ファンとは、商品そのものというより、商品を支える価値を強く支持している人である。だから、その価値を中心にコミュニディを作るとよい。そのためには、以下の3つを強くする施策を打つ。
・その価値自体をアップさせる → 「共感」を強くする
・その価値を他に代えがたいものにする → 「愛着」を強くする
・その価値の提供元の評価・評判をアップさせる → 「信頼」を強くする
さらに、この「共感」「愛着」「信頼」をさらに強くして、LTV(Life Time Value)を挙げてゆく。
・共感 → 熱狂
・愛着 → 無二
・信頼 → 応援
ファンベースで有効な方法のひとつは、開示である。商品力や品質の根拠となる研究開発や製造工程、制作過程といった信頼される根拠をきちんと見せて、「この企業の商品は間違いない」「あそこはちゃんとしている」といった信頼感を勝ち取る。特に、人間を効果的に見せることは効果がある。
共創はその企業の価値をわかっているコアファンとやらなければ意味がない。コアファンを作るなら、万人受けする要素より、偏愛されるポイントを前面に出した方がいい。ファンベースを構築・維持するためにはへりくだる必要はない。ファンを大切にし、ファンベースに基づいて中長期の価値や売り上げを高めてゆくことが、これからの時代はますます重要になる。
尚、本書には、カゴメについて、「カゴメは、20年かけて、企業理念に共感してくれた個人株主をじわじわ増やしてきた。そして今や、なんと総株主のうち99.5%が個人株主であり、『ファン株主』なのである(そのうち3分の1が主婦層だというのもものすごい)」と書かれているところがある。しかし、これは完全な間違いである。

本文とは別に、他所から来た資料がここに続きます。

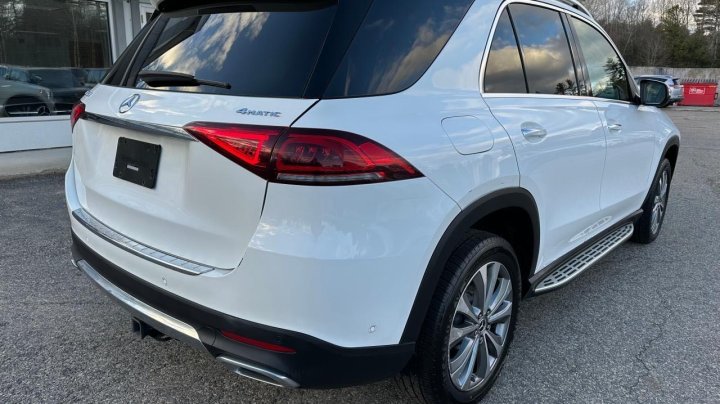 Mercedes-Benz GLE-Class 350 4MATIC 2020
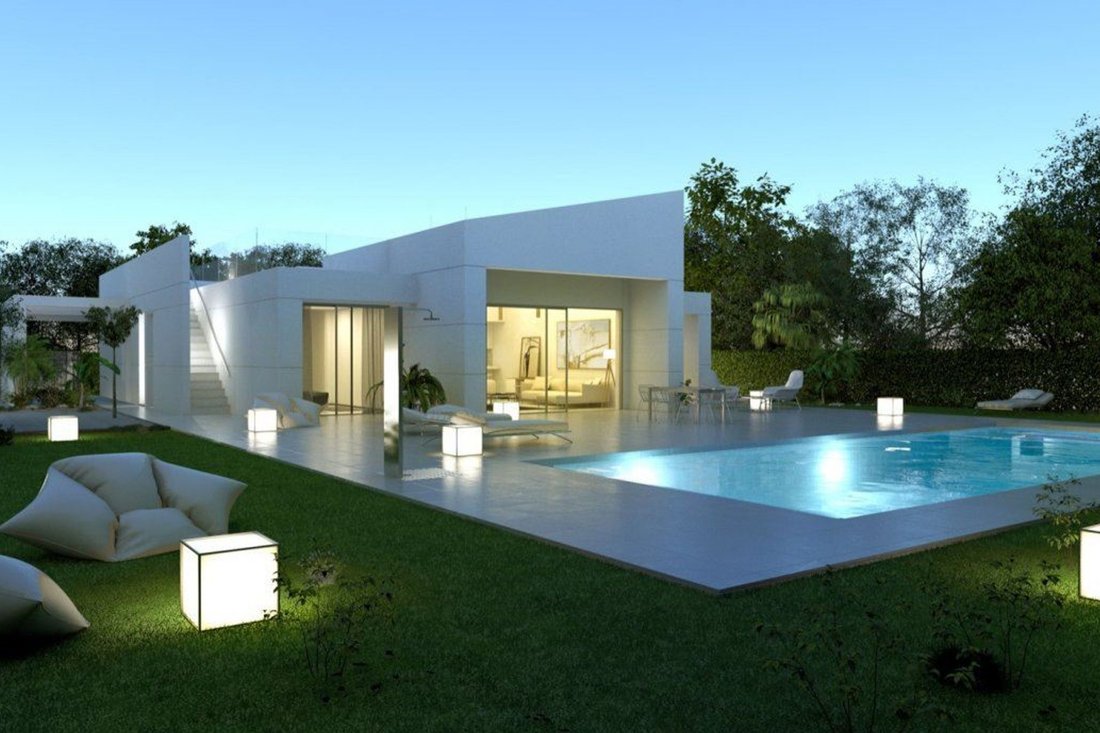 Villa à Baños y Mendigo, Murcie, Murcie 2 - 15497462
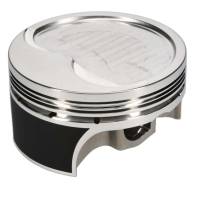 JE Pistons - JE Pistons 360995 JE Pistons GM LS 4.070in Bore .010 LS3 SRP Pro 2618 Inverted Dome/Dish Pistons - Set of 8 - Image 2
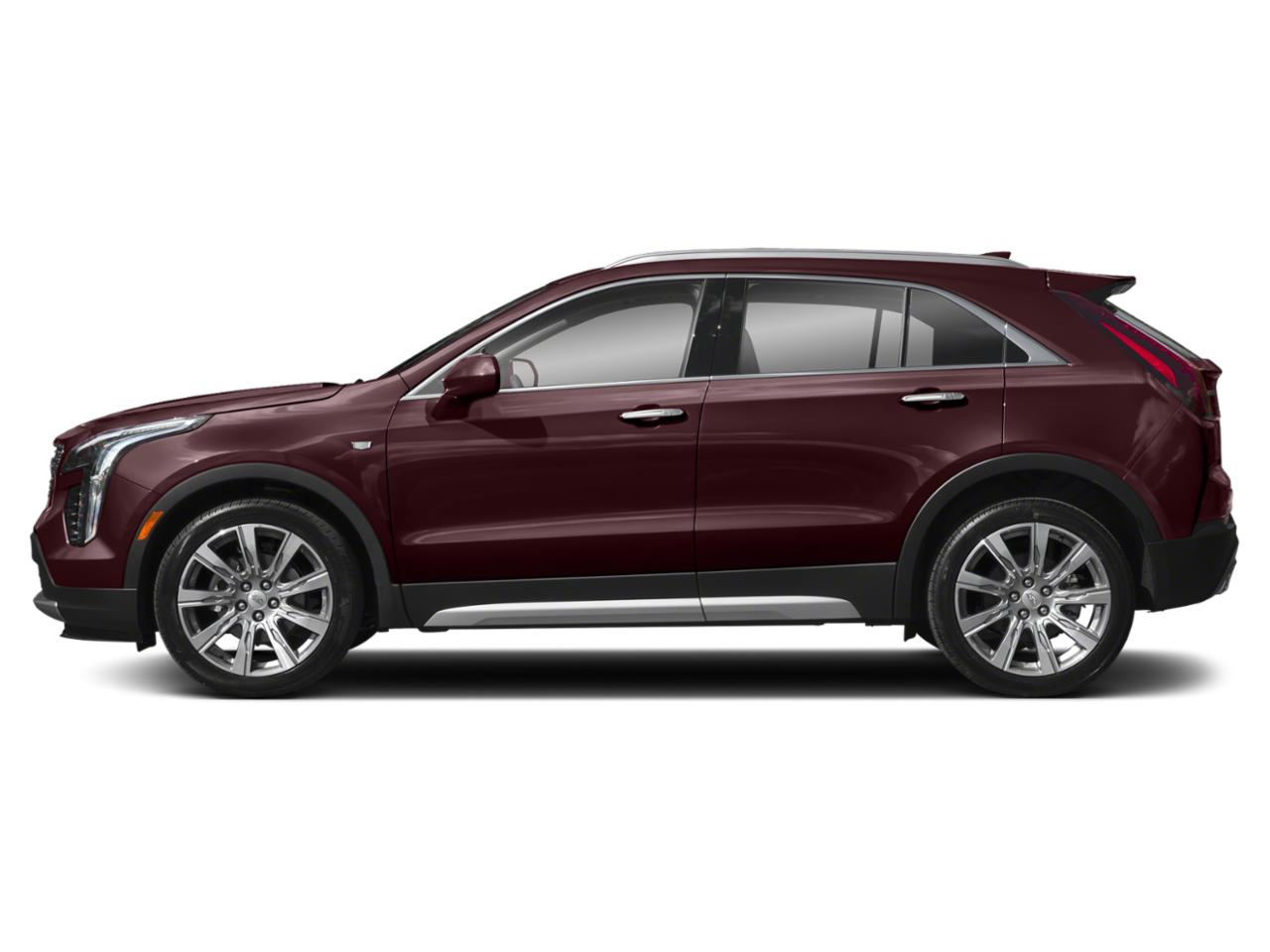 2021 Cadillac XT4 Vehicle Photo in OAK LAWN, IL 60453-2517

実際、「会社四季報」によると、カゴメの株主構成は、自己株10.6%、日本トラスティ信託9.4%、日本マスター信託5.0%、ダイナパック4.9%、日清食品HLD1.5%、蟹江利親1.4%、蟹江英吉1.1%、JPモルガンチェース1.0%といった順番になっている。こんなことは簡単に調べられる。本を書くなら、ちゃんと裏とりをしてから書くべきである。